> Data to examine:
====

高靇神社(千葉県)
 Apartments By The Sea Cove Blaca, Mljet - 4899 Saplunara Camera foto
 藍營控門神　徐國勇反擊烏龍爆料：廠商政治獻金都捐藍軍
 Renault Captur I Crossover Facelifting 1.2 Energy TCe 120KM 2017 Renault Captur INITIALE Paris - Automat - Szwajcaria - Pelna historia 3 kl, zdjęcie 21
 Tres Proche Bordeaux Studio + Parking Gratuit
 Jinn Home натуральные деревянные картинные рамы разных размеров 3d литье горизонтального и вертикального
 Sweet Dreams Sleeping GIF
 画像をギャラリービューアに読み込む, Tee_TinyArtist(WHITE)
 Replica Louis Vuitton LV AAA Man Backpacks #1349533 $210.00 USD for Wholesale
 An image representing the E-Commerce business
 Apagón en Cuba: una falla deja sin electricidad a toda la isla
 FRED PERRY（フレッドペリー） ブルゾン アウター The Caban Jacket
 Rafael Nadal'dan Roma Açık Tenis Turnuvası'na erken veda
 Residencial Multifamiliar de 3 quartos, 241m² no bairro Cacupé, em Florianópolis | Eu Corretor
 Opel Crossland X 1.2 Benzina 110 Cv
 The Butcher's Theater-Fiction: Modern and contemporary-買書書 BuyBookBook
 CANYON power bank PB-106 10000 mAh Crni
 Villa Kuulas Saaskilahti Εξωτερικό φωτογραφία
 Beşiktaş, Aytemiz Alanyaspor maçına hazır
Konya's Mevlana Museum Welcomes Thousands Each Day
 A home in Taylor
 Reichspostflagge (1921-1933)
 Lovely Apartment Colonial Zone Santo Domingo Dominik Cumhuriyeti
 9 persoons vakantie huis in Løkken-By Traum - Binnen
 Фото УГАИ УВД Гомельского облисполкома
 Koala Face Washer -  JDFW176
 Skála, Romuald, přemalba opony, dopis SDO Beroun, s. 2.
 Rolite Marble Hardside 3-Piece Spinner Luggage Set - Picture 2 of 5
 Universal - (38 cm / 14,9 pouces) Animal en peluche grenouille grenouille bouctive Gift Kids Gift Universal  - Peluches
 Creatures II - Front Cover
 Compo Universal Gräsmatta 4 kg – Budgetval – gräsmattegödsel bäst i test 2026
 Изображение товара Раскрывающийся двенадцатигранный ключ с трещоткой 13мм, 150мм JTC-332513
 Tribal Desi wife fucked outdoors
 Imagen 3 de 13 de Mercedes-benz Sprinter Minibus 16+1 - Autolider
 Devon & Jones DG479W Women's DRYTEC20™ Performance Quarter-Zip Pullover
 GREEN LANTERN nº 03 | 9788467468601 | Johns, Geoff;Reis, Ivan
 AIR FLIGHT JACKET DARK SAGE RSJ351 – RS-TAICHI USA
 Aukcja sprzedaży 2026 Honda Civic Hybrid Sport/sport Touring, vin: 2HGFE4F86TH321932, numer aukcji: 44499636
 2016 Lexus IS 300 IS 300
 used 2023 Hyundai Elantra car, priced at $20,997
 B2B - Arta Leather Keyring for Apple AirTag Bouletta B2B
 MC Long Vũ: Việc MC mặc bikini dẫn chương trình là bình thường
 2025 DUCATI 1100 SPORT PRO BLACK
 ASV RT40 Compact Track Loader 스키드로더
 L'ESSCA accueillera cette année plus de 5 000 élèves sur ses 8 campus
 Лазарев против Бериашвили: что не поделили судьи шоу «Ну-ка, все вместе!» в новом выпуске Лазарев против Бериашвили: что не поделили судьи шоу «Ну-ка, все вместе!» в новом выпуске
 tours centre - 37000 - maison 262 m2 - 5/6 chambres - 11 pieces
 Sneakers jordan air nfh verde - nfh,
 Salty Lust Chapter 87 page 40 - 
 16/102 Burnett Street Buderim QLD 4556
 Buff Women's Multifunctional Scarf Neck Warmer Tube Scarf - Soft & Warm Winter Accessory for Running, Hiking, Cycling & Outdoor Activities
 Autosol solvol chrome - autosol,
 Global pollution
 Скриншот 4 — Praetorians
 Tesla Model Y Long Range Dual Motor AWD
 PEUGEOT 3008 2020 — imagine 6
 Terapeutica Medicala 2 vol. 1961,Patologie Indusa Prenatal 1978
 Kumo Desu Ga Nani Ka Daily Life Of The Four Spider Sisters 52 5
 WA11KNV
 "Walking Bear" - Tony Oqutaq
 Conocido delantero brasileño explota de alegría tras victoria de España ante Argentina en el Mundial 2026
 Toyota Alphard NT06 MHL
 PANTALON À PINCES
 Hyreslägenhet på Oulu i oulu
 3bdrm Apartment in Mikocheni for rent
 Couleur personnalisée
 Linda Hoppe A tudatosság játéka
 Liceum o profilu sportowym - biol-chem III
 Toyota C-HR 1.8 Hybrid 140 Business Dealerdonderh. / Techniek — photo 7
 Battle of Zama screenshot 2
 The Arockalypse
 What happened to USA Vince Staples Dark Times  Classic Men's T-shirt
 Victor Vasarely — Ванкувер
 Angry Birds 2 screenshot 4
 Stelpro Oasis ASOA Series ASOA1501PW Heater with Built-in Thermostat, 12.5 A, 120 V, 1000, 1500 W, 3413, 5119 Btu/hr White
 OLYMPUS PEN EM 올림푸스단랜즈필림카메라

====

> Your instructions:
Wherever "Long" occurs in the records above, copy the line it sits in.

> Expected output:
 MC Long Vũ: Việc MC mặc bikini dẫn chương trình là bình thường
 Tesla Model Y Long Range Dual Motor AWD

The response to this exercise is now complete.